A Panorama investigation into Bexley Council’s litter policy has highlighted “bonuses” for the amount of litter tickets issued to residents.

Bexley Labour have called on the council to conduct an investigation into the conduct of private company Kingdom, who work in Bexley to monitor littering in the town.

The programme, shown on Monday, exposed tactics employed by Kingdom employees who work on a commission scheme and appeared to employ tactics such as pretending to phone the police.

A spokesman for Bexley Council said the programme did not give an accurate picture of the service in the town.

The spokesman said: “Most of the examples featured were from other parts of the country and focused on cases that were far from typical.

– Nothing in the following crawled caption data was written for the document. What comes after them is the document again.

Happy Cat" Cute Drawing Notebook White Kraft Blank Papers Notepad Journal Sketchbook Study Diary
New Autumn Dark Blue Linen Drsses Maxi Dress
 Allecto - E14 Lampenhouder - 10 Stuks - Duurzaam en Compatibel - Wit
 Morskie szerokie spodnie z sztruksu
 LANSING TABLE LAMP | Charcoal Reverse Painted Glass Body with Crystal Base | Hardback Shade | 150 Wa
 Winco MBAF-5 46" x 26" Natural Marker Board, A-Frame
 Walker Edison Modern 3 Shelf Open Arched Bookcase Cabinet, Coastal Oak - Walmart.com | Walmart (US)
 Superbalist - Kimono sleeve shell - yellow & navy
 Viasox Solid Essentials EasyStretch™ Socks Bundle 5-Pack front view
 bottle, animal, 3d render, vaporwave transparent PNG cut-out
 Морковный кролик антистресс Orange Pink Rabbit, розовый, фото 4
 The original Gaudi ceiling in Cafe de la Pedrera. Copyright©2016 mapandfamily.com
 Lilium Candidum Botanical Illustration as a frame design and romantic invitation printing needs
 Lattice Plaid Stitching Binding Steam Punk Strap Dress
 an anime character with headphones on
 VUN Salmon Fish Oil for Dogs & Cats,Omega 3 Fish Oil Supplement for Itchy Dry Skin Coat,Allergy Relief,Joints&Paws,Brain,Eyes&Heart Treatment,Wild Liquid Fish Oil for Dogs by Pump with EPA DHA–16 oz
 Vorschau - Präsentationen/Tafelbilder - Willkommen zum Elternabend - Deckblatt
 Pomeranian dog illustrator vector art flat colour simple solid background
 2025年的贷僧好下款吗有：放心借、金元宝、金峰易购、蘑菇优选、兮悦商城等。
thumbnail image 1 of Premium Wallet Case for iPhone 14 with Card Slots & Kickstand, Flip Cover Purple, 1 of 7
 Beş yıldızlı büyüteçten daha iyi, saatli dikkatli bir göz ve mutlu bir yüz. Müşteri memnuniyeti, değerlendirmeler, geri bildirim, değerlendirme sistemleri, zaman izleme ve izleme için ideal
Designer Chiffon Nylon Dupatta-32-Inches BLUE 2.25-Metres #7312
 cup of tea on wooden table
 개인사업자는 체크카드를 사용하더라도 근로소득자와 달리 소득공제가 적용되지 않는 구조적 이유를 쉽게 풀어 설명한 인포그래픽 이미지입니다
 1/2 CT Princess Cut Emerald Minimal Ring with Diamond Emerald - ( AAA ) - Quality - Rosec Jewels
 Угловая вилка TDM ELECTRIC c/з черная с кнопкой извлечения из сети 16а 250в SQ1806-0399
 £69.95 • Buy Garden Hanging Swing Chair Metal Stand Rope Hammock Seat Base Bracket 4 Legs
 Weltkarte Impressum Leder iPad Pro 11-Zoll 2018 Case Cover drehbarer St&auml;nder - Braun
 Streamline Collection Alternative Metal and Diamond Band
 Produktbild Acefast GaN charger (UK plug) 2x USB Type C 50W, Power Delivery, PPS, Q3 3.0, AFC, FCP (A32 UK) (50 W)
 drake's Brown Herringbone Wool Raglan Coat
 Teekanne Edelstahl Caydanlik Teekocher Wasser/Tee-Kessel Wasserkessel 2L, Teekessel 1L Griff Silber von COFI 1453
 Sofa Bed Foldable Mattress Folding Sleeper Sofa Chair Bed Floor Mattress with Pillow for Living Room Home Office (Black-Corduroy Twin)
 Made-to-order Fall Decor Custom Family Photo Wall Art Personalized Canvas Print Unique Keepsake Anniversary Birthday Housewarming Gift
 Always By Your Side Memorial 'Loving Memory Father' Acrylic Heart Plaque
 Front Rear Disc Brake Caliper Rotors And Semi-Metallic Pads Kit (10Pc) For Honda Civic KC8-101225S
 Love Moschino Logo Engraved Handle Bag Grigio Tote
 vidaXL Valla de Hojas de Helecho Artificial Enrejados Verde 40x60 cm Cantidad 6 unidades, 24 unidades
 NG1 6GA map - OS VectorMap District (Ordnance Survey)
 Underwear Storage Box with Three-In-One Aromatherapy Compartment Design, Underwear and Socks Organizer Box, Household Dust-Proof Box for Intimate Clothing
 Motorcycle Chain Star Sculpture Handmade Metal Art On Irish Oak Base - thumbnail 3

“Our service was introduced last year as a one year trial. We will be reviewing it this summer, as planned."

Figures released by the council show that 97 per cent of recorded offences from October 2016 to February 2017 involved dropping a cigarette or spitting.

The remaining three per cent involved dog fouling or other litter offences.

Councillor Danny Hackett, parliamentary Candidate for Old Bexley and Sidcup, said: “Nobody condones littering, but some shocking footage has emerged as part of this Panorama investigation of excessive and irresponsible behaviour from the enforcement officers.”

One Twitter user said:"Having just watched the Panorama programme I was horrified at the way litter enforcement officers in Bexley behave. It's simply outrageous!"

A Kingdom manager said in the programme that Bexley Council does not pay Kingdom, but they do get a share of the profit from tickets.

A statement from Kingdom said the allowance was discretionary and only given to employees if they meet all their basic competencies.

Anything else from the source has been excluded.